#### DATA SECTION
════════

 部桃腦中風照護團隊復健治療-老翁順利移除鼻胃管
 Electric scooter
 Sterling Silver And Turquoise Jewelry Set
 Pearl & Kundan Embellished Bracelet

════════

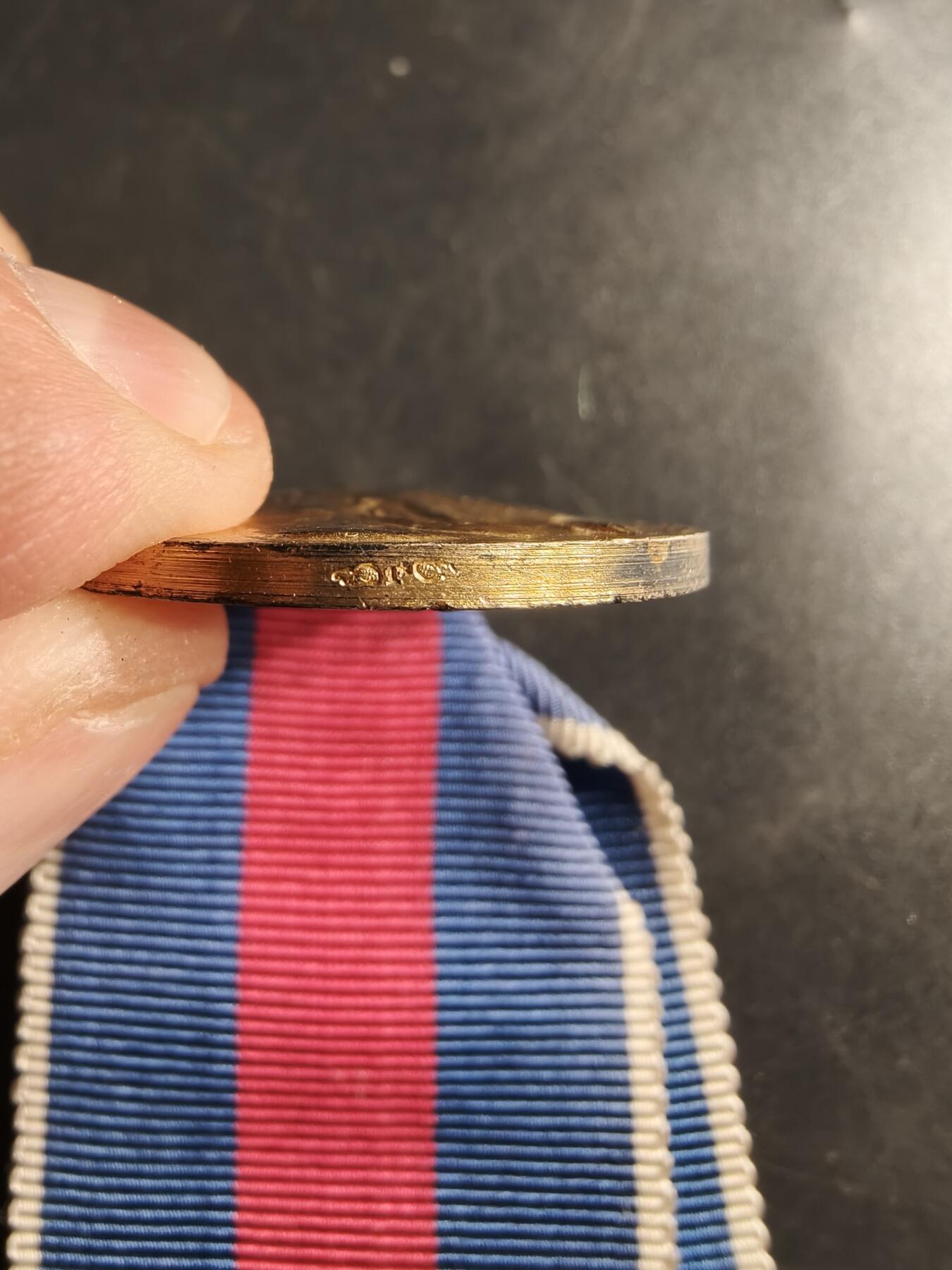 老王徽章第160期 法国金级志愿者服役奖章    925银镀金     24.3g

════════

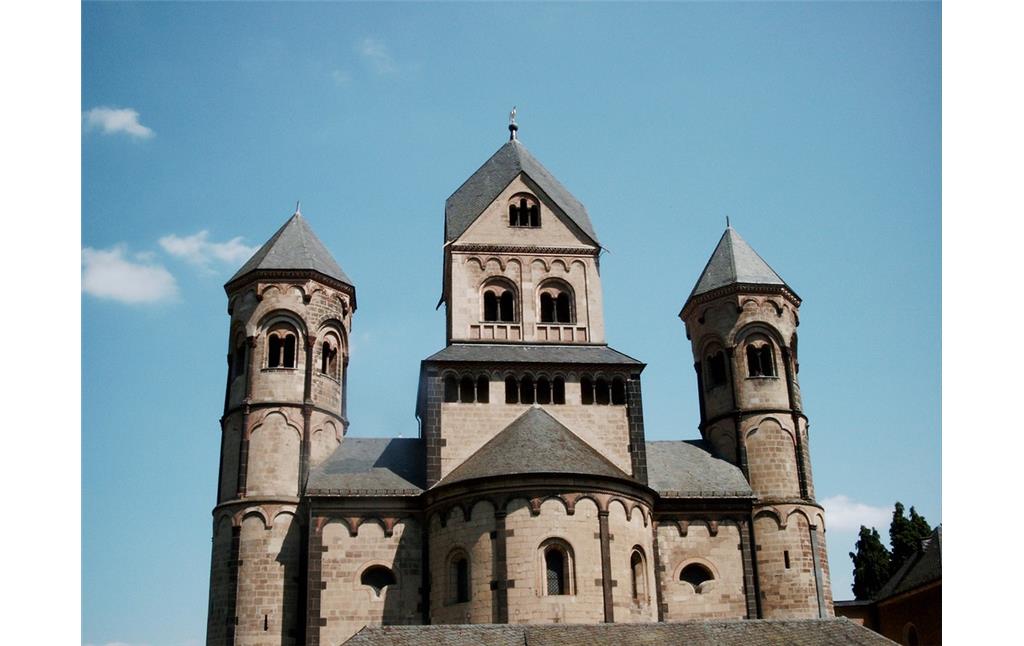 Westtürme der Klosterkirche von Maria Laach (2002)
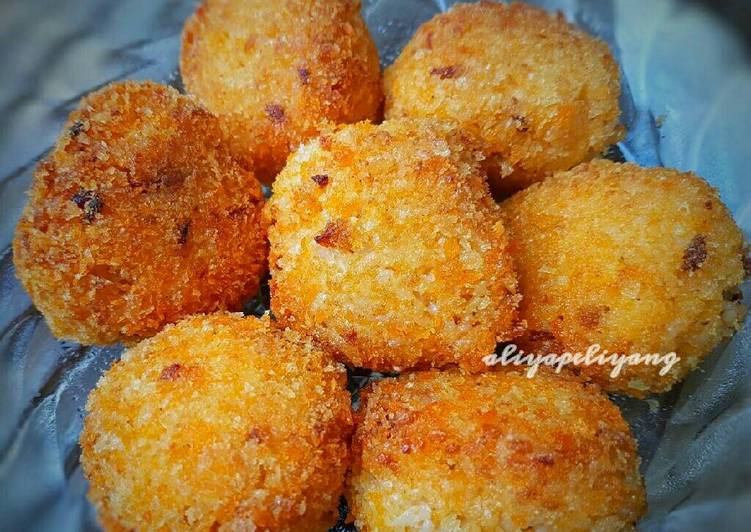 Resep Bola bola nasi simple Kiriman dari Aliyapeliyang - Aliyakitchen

════════

#### WORK ORDER
Using the data above, extract exactly the lines from the one that holds "Sterling Silver And Turquoise Jewelry Set" to the one that holds "Pearl & Kundan Embellished Bracelet", both ends included, and no others.

#### WRITTEN REPLY
 Sterling Silver And Turquoise Jewelry Set
 Pearl & Kundan Embellished Bracelet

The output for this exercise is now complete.